MUNICH -- Ford Motor Co. expects to sign a deal to sell its Volvo car unit to China's Zhejiang Geely Holding Group by the first quarter of 2010 and close the deal in the second quarter, the U.S. automaker announced today.
Ford said that all of the deal's key commercial terms have been settled. Ford added that work still needs to be done before the deal is completed, such as Geely securing its financing and getting approvals from the Chinese government.
In its statement, Ford said that the prospective sale “would ensure Volvo has the resources, including the capital investment, necessary to further strengthen the business and build its global franchise, while enabling Ford to continue to focus on and implement its core ONE Ford strategy.”
For Ford, closing the sale would provide it with cash it could use toward CEO Alan Mulally's goal of speeding up debt repayment as the automaker moves toward profitability it has projected for 2011.
Ford was the only U.S. automaker to avoid bankruptcy and a U.S. government bailout thanks to the $27 billion borrowing program it completed before the crushing decline for the U.S. auto market that began in 2008.
No stake in Volvo
While Ford will continue to cooperate with Volvo in several areas after the sale, the company does not intend to retain a shareholding in the business once the deal is finalized.
Chinese carmakers are taking advantage of a crisis-sparked shake-up of the auto industry, tapping into Western brands in a bid to boost their technology and take advantage of a fast-growing home market.

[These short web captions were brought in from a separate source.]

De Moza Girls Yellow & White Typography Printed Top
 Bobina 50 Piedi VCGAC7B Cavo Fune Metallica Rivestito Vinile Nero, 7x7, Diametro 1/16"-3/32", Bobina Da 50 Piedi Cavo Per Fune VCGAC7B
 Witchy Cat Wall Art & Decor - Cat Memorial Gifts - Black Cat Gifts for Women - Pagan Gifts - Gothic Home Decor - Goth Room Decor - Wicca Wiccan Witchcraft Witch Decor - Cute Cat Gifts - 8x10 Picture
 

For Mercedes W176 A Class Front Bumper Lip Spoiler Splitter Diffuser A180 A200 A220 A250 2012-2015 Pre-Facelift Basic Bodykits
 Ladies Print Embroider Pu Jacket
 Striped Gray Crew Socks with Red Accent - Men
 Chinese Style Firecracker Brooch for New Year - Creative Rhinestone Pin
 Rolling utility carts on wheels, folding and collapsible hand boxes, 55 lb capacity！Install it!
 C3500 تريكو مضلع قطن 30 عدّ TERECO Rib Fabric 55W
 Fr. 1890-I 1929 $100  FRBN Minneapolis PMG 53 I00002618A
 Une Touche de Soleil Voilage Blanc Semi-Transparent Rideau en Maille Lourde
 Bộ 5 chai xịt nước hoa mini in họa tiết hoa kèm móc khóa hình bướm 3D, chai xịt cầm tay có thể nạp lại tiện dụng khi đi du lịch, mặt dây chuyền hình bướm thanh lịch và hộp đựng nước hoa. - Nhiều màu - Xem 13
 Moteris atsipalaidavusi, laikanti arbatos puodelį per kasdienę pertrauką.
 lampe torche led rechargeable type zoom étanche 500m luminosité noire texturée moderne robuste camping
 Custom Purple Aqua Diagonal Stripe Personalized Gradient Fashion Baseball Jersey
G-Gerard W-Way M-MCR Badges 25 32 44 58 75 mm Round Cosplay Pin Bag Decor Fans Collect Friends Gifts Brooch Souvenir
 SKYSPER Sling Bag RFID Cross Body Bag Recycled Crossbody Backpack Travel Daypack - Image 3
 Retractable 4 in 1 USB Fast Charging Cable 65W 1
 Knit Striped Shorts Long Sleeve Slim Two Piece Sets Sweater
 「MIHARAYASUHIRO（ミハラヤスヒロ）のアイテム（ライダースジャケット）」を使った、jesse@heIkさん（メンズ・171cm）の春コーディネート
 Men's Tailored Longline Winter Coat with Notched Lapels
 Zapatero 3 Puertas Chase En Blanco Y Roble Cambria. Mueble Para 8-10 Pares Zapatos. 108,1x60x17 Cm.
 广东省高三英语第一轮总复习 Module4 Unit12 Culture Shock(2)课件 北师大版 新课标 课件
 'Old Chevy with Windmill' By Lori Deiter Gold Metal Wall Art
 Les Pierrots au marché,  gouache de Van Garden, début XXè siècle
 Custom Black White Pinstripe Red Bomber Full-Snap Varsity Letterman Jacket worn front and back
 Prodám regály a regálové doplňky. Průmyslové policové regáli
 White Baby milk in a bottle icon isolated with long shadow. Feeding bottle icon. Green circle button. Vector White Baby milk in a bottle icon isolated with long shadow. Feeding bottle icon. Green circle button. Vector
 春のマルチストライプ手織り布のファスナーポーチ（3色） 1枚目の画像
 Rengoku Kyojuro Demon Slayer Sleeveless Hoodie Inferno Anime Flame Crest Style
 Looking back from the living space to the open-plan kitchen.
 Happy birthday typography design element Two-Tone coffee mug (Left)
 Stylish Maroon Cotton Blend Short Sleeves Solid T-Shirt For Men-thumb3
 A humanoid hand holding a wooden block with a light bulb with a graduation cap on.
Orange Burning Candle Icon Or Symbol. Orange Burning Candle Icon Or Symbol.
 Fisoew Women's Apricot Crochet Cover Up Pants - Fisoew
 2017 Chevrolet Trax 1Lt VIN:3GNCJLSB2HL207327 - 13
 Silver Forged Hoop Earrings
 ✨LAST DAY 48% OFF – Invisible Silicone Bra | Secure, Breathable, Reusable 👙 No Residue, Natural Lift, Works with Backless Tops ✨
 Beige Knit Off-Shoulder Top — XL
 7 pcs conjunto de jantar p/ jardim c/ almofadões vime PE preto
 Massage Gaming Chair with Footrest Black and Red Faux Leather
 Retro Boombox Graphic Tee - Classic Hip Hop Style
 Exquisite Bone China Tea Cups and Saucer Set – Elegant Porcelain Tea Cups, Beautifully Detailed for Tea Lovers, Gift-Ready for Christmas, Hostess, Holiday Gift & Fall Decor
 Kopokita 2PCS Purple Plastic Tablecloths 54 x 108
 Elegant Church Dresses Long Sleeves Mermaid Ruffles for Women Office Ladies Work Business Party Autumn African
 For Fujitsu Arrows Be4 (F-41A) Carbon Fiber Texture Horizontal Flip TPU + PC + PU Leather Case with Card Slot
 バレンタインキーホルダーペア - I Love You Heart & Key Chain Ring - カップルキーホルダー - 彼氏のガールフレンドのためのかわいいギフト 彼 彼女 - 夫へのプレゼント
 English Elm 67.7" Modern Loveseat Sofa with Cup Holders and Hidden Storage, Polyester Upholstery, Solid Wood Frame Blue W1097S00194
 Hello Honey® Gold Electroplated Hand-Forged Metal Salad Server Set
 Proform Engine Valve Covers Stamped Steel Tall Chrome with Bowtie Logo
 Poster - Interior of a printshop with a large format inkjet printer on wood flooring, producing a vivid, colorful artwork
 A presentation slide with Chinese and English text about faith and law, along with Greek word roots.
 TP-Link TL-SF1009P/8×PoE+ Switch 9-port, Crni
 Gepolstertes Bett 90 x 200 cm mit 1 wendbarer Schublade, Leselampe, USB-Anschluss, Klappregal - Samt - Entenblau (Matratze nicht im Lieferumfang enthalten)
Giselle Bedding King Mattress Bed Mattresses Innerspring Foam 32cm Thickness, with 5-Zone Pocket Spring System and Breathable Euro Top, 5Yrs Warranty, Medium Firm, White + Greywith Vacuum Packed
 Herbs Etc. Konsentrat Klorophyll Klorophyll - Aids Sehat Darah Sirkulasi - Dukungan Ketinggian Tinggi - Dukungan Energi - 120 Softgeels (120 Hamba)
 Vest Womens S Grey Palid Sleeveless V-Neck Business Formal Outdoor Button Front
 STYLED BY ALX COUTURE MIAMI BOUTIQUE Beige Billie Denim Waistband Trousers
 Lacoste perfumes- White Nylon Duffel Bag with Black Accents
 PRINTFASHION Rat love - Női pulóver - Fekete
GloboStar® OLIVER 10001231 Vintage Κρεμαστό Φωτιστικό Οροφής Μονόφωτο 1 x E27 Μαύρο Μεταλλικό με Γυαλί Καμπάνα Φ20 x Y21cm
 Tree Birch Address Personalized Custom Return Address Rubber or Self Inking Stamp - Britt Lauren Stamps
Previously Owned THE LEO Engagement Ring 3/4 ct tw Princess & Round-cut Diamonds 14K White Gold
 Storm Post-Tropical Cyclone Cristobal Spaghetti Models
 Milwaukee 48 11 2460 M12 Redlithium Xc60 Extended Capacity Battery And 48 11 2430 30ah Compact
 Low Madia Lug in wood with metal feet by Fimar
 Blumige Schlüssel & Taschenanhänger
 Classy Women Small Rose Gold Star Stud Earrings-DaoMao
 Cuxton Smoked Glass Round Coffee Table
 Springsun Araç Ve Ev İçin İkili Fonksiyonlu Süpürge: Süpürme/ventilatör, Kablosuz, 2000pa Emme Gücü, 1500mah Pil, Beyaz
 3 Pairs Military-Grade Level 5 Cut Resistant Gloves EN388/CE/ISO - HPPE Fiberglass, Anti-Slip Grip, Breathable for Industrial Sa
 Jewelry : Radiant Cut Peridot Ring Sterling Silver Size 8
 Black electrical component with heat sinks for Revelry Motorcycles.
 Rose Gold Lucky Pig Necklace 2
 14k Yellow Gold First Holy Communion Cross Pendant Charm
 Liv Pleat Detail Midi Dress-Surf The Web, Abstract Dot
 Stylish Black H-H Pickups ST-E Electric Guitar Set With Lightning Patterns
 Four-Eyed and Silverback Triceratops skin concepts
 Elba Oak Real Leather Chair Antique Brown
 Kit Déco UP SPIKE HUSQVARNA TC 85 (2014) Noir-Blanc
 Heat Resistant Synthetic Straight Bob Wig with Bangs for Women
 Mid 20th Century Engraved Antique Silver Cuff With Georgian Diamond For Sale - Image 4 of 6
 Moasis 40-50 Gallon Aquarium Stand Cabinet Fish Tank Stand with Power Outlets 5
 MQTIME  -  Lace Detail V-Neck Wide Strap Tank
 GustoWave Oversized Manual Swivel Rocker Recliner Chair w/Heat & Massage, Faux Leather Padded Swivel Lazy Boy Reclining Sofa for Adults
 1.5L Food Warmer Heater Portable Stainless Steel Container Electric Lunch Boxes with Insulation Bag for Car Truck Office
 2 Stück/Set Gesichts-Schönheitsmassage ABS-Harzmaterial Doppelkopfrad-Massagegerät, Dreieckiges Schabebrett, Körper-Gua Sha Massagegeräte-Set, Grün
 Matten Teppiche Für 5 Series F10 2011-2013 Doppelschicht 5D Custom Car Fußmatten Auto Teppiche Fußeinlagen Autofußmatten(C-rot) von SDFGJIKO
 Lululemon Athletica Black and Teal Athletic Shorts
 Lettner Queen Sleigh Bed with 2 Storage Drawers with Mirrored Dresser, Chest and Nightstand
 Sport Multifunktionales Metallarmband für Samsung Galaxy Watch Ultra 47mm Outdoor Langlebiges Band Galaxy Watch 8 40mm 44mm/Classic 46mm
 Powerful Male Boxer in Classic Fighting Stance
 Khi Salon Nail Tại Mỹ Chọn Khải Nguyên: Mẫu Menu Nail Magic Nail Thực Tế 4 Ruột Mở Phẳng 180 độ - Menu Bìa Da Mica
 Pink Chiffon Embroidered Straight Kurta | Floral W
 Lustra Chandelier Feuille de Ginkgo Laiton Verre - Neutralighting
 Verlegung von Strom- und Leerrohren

China car sales are expected to overtake the United States for No. 1 in the world when full-year figures are published.
Zhejiang Geely, the parent of publicly traded Geely Automotive, was named by Ford as preferred bidder for Volvo in October.
The estimated $1.8 billion deal would be the largest overseas acquisition by a Chinese automaker.
Ford paid $6.45 billion for Volvo in 1999.
Ford wrote down the value of Volvo by $2.4 billion following a review of the brand's prospects in January 2008.